- **Description of the task**
Where the listing shows an image, skip it and output all other material unchanged.

- **Supplied material**
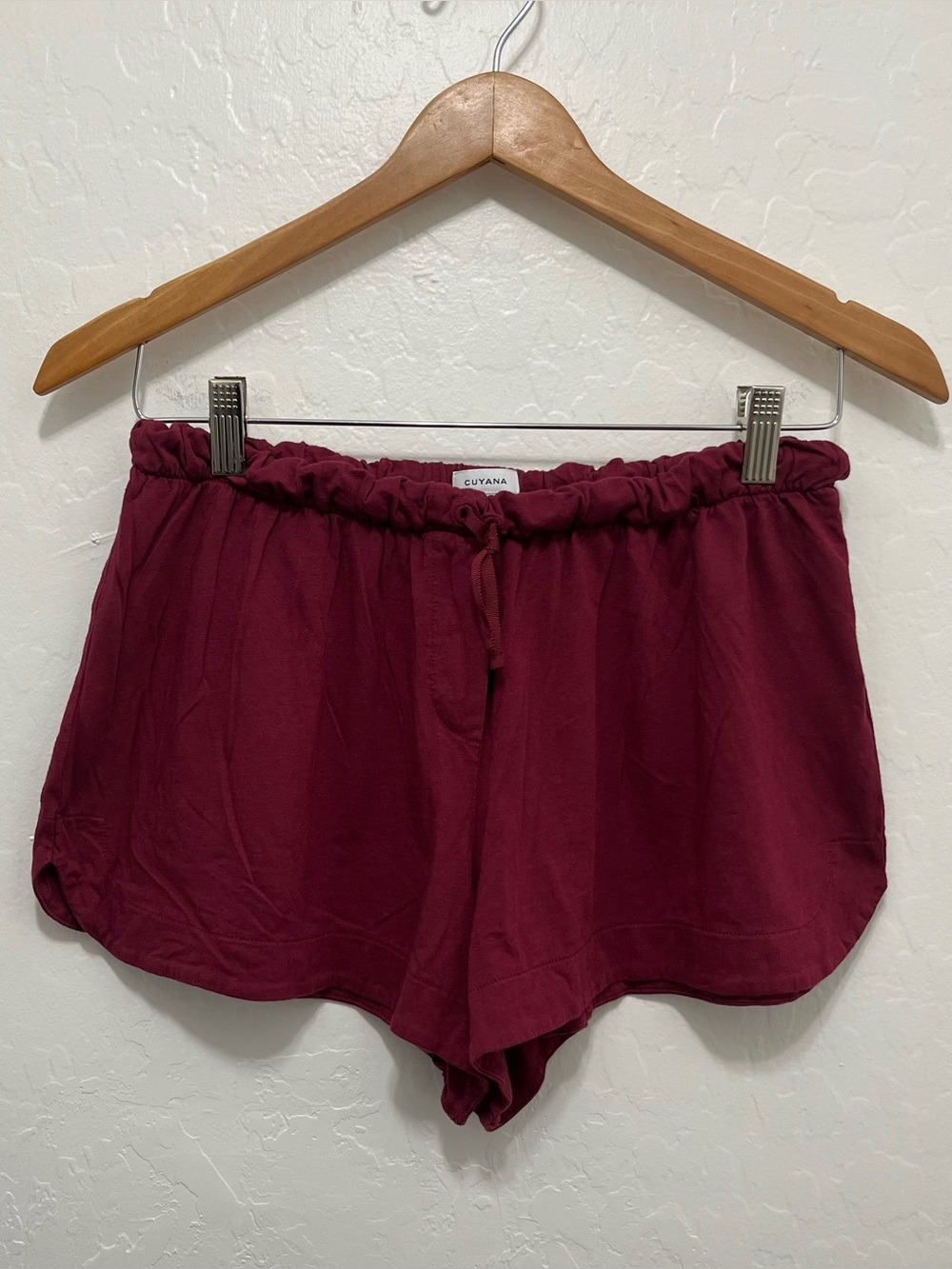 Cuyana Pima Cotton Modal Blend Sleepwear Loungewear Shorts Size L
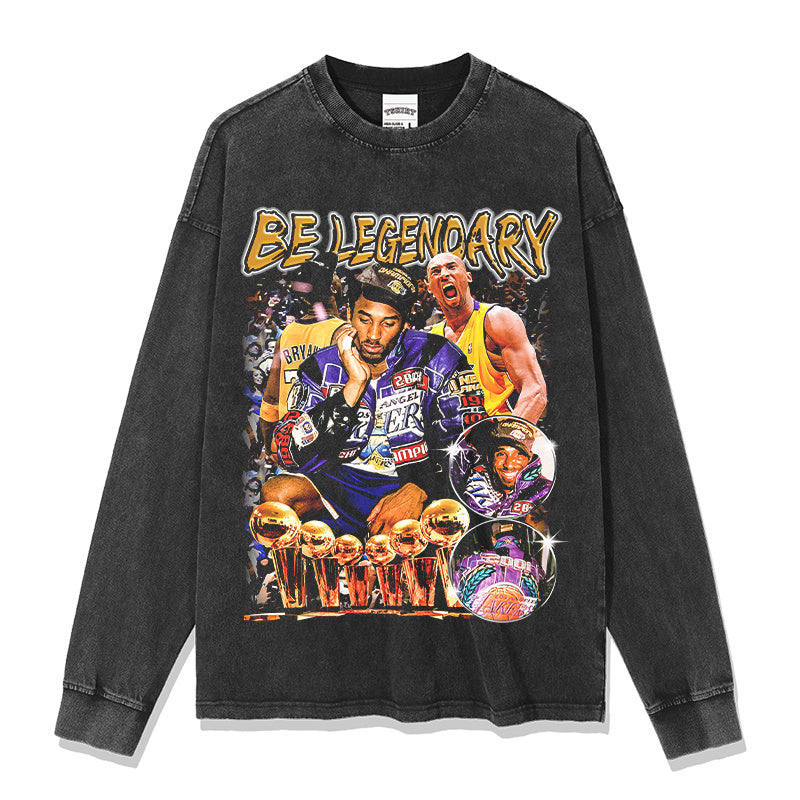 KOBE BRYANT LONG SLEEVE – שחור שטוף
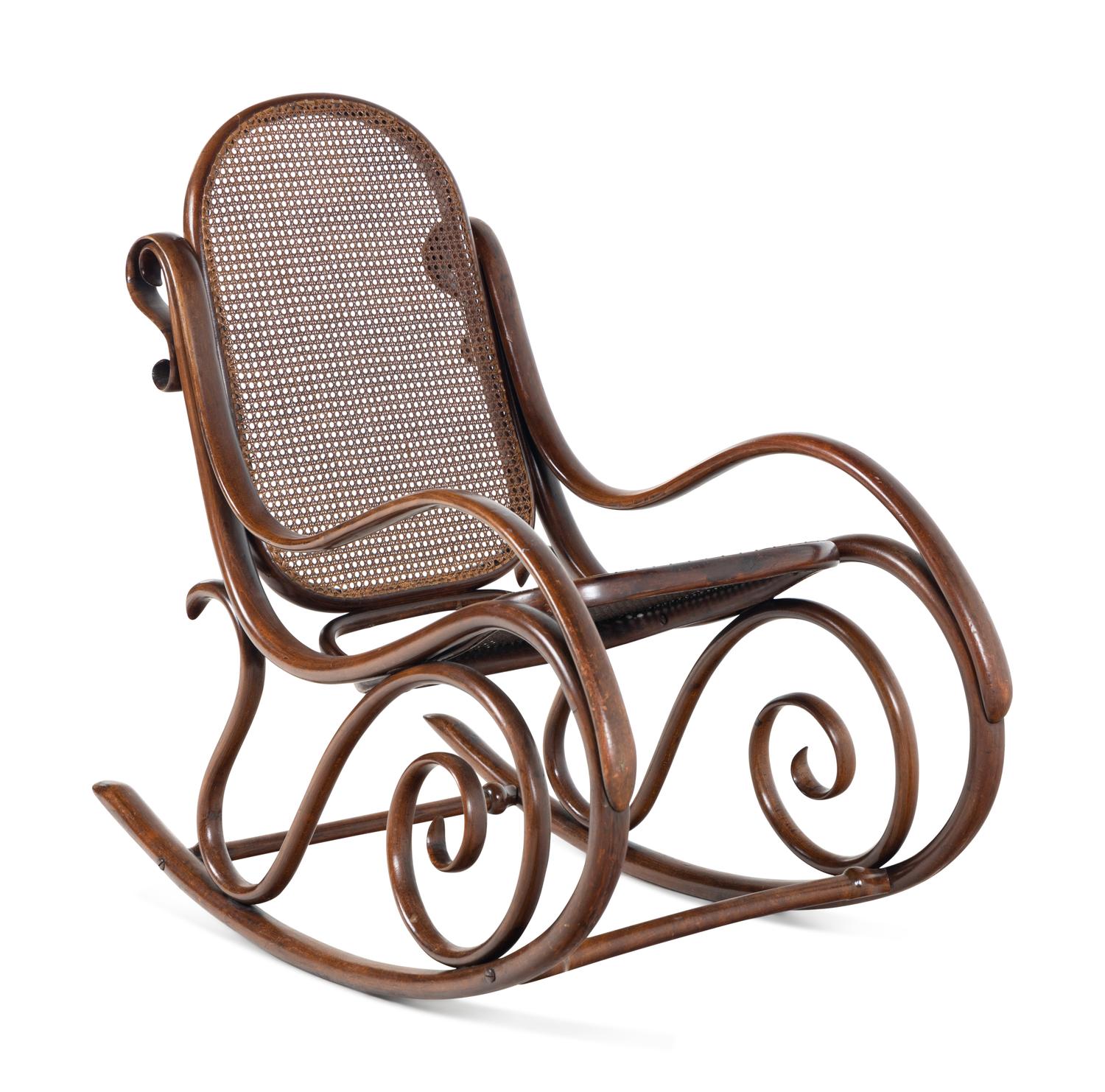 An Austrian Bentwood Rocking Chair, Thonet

- **Answer section**
 Cuyana Pima Cotton Modal Blend Sleepwear Loungewear Shorts Size L
 KOBE BRYANT LONG SLEEVE – שחור שטוף
 An Austrian Bentwood Rocking Chair, Thonet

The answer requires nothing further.